> John Clark <email@example.com> wrote:
> An Alpha particle will kill or mutate any cell it hits, a rare neutrino that hits
> would be almost as deadly.
John, I'm almost certain this is incorrect. Radiation doses are moderated by virtually all intervening mass. The denser the mass the quicker the moderation. An alpha particle is a helium nucleus and gets moderated much quicker than other forms of radiation (because it is bigger and interacts more quickly).
Only a very small fraction of each cell is DNA and 90+% of that is junk. So the probability that a alpha particle will kill or mutate a cell, is I believe very low.

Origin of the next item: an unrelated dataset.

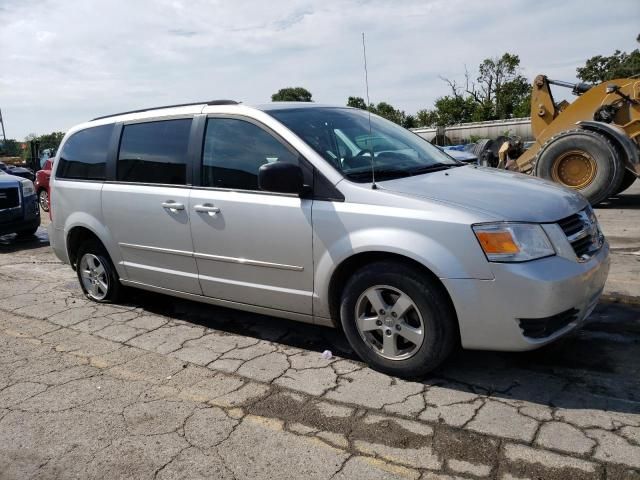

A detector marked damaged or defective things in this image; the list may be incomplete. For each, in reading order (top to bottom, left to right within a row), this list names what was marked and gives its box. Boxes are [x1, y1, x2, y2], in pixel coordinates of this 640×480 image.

cracked pavement [1, 204, 640, 478]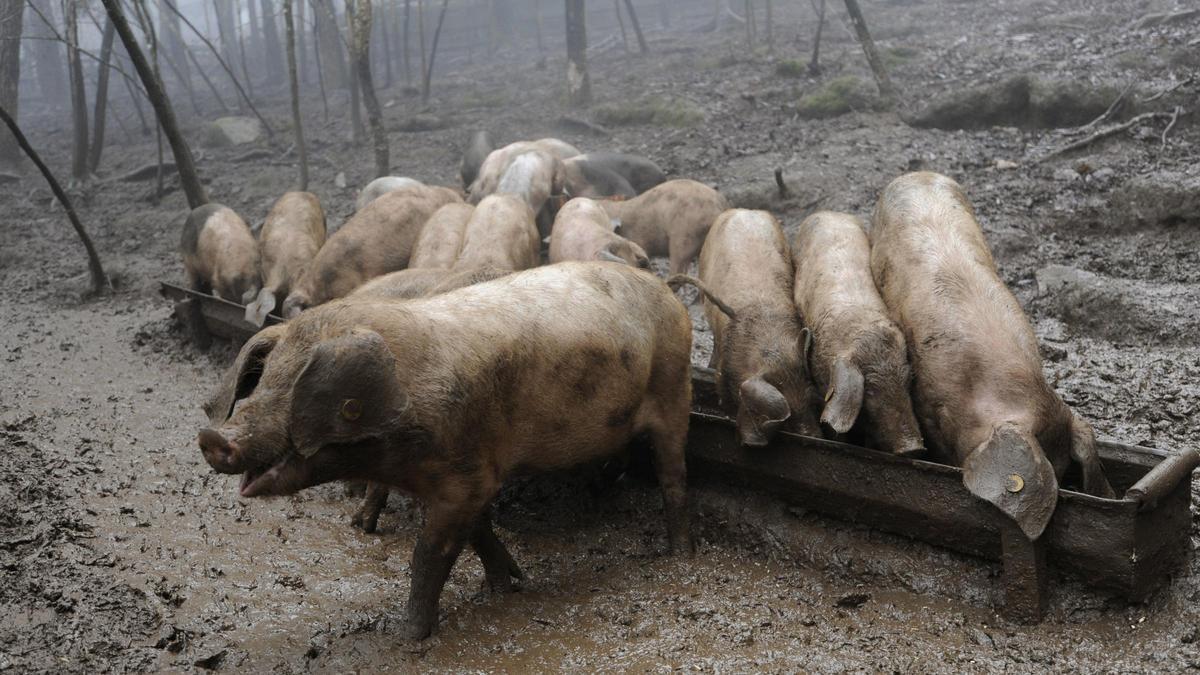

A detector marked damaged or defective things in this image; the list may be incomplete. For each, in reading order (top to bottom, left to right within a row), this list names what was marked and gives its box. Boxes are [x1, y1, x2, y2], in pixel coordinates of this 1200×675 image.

rusty trough edge [162, 281, 1200, 619]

I will grant that an alpha particle traveling at 99.999999% the speed of light is going to pack a pretty big punch and in this case may be pretty dangerous.
So I believe the *real* questions here is what is the effective energy (in MeV or J), and/or what is the absorption cross sectional area of the particle.
For absorption cross sectional area, I think:
Neutrino < Gamma-Ray < X-Ray < UV < Beta-particle < Alpha-particle.
The energy of the photon based radiations is directly calculatable, but the energy of the particles (and neutrinos???) depends on the nuclear reaction that generates them. [After all, weren't neutrinos invented to explain the mass that was "disappearing" from nuclear reactions?].